NEVRUZ ATEŞİ YAKILDI
İzmir'deki nevruz kutlaması, HDP İzmir Milletvekili Ertuğrul Kürkçü ve parti yöneticilerinin, meydandaki ateşi yakmasıyla başladı. Halen tutuklu bulunan HDP eş genel başkanları Selahattin Demirtaş ile Figen Yüksekdağ'ın mesajlarını, HDP İzmir il eş başkanları Mahfuz Güleryüz ile Gülay Bilici okudu. 'Barış anneleri' adına Perihan Kortağ ve 2015 Kasım seçimlerinde İzmir'den milletvekili adayı olan Mülkiye Birtane'nin Kürtçe yaptığı konuşmadan sonra sanatçı İlkay Akkaya, sahne aldı. İlkay Akkaya, söylediği şarkılarla alandakileri coşturdu.

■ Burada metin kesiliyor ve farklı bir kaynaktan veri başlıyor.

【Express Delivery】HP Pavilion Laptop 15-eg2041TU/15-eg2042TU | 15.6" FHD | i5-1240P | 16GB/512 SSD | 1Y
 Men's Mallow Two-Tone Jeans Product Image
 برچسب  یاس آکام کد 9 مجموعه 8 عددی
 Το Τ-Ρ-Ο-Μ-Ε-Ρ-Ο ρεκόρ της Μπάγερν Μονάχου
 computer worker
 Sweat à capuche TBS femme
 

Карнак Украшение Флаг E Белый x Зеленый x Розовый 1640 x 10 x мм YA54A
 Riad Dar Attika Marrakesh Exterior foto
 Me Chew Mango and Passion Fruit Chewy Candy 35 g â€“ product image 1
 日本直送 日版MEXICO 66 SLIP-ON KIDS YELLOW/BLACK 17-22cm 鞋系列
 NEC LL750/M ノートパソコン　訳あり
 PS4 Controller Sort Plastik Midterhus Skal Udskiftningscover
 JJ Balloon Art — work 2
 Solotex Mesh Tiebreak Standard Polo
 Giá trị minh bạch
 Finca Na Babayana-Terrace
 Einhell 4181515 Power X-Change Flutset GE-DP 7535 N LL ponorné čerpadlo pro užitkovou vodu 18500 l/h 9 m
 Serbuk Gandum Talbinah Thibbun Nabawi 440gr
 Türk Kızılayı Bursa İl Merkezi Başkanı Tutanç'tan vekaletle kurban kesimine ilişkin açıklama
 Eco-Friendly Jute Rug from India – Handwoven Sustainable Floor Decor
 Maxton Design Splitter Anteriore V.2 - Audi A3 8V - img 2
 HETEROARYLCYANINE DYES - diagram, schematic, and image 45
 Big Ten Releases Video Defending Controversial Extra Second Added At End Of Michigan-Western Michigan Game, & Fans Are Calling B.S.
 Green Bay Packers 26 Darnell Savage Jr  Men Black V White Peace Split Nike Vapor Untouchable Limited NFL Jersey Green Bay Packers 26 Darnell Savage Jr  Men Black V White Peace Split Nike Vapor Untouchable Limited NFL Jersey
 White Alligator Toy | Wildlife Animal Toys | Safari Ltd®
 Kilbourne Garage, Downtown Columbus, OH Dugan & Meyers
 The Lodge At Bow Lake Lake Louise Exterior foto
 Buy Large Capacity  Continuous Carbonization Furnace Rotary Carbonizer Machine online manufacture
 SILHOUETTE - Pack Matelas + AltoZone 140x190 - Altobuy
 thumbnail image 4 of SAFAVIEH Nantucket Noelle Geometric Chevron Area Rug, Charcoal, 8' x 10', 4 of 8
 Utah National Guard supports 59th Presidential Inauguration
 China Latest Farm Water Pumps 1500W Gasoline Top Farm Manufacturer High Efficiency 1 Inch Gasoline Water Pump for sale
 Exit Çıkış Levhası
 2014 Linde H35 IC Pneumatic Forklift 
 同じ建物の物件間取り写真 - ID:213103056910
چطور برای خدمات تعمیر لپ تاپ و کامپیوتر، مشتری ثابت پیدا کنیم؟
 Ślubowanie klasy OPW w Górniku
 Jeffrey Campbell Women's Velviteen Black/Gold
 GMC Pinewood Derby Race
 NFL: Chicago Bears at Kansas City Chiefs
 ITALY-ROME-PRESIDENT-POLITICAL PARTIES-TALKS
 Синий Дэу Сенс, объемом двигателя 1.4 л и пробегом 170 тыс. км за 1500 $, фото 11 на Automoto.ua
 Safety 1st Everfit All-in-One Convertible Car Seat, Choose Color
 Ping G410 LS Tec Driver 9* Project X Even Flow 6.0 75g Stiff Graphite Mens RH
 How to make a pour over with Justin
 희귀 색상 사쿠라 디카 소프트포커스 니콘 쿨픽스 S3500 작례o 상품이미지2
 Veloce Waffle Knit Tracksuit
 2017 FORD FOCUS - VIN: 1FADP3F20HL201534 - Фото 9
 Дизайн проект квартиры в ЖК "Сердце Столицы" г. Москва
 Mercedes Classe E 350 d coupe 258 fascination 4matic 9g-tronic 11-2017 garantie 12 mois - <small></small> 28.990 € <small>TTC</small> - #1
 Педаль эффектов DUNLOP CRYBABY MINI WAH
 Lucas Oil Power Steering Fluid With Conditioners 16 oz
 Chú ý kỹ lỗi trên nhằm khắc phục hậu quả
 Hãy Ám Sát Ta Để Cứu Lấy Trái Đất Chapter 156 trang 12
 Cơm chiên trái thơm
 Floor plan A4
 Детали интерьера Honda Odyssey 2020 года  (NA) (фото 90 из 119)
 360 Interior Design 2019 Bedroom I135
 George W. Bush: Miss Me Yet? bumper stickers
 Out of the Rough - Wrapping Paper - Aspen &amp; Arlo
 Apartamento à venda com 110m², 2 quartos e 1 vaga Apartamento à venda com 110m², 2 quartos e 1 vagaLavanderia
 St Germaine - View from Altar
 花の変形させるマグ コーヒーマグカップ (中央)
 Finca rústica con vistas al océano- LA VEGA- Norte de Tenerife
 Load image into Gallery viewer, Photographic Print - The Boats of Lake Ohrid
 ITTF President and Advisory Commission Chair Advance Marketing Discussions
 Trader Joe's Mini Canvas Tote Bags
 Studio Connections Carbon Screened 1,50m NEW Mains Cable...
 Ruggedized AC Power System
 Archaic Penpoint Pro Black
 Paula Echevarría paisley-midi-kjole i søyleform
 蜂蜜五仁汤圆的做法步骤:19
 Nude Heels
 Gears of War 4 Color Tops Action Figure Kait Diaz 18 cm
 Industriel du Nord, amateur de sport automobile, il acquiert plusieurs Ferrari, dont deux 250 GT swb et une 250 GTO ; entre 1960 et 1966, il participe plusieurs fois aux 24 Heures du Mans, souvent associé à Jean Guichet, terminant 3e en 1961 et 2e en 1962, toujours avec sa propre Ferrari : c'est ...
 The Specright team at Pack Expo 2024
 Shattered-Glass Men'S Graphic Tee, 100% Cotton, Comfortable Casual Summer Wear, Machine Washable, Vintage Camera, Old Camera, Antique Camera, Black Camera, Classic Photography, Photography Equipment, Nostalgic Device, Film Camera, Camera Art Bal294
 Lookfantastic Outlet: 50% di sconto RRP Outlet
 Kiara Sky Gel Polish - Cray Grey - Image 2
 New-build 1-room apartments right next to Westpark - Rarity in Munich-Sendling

Halkların Demokratik Kongresi eş sözcüsü Gülistan Kılıç Koçyiğit'in ardından ise İzmir Milletvekili Kürkçü, konuşma yaptı. Nevruzun Türkiye'nin bütün halkları için tarihi önemde olduğunu söyleyen Ertuğrul Kürkçü, şöyle konuştu:
"Türkiye halkları bir kere daha özgürlüğe, barışa, adalete eşitliğe uyandı. 16 Nisan'da Türkiye'ye faşizmden önceki son çıkışı göstermek içini buradayız. Otoriterlikle karşı karşıyayız. Bir diktatörlük ile karşı karşıyayız. Bu zumlu kabul etmemiz değil onu kutsamamız isteniyor. Bunu kabul edebilir miyiz? Türkiye'nin hiçbiri demokrat emekçi, işçi, kadın genç bunu gönüllü olarak benimseyemez. Her şeyimizi kaybedebiliriz. Özgürlüğümüzü, birikimlerimizi kaybedebiliriz. Ama asla onurumuzu kaybetmeye razı olamayız. 17 Nisan'da yeni bir demokratlaşmanın yeniden açabiliriz. İki yıldı Türkiye halkları kürtlere aleviler, her yer herkes 15 Temmuz'dan beri ağır zulüm altında inliyor. Zulümün en büyüğünü kürtler yaşadı. Kürtler bu nevruzda özgürlük eşitlik için buradayız dediler. Tayyip Erdoğan'ın ve ortaklarının referandumu kaybedecekleri çoktan belli oldu. Türkiye halkları hayır demekte kararlılar. 20 gün var bizim sandıklara sükunet içinde halkları taşımamız gerekir. Tarihin gidişi halkların kendi kendini yönetmesi özgürlüğün üzerindedir. Bunu yaparsak Türkiye çağdaş uygarlık denen seviyeye yaklaşır. Yönetenler, Türkiye'yi zulüm diyarına sürüklemek istiyorlar."